Isn't the christian idea of a crucifixion with an upright cross (classical visual) a piss poor bit of engineering????

If you've ever tried putting up a flagpole -- you know that it's really tough to force it up -- and if you had a guy nailed to it flailing about (as much as possible) it'd make it very hard to get into an upright position...

It'd be much easier to nail a guy to an X shaped cross, then use both bottom legs as fulcrum to hoist your victim up....

....
Or is this god person just a crappy engineer who prefers form over function???

I have to wonder if upright crosses are even really historically accurate???
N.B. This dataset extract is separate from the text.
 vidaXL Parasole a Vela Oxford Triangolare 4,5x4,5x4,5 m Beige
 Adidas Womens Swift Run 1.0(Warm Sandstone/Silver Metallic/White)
People have hypothesized that the Romans crucified prisoners on a 2-piece 'T' shaped cross consisting of the crossbeam (patibulum) and an upright stake (stipes). The victim was forced to carry the patibulum to the execution site where the stipes was a permanent feature (possibly even an existing tree). The prisoner was tied or nailed to the patibulum through the wrists and was then hoisted up with the prisoner hanging from it and affixed to the stipes. This could be done easily by a squad sized execution team.

The TV series Spartacus features several fairly realistic crucifixion scenes in it using this technique.

As for the bodies left to rot on the cross, I guess that was up to the local governors or Roman courts which handed down the death sentence - even a doomed slave's dominus (master). The only known remains of a Roman crucifixion victim was buried, so it had been done. The Gospels state that the Pharisees did not want bodies left on the crosses during Passover; so perhaps Pilate or similar governors granted these request, at the behest of a VIP.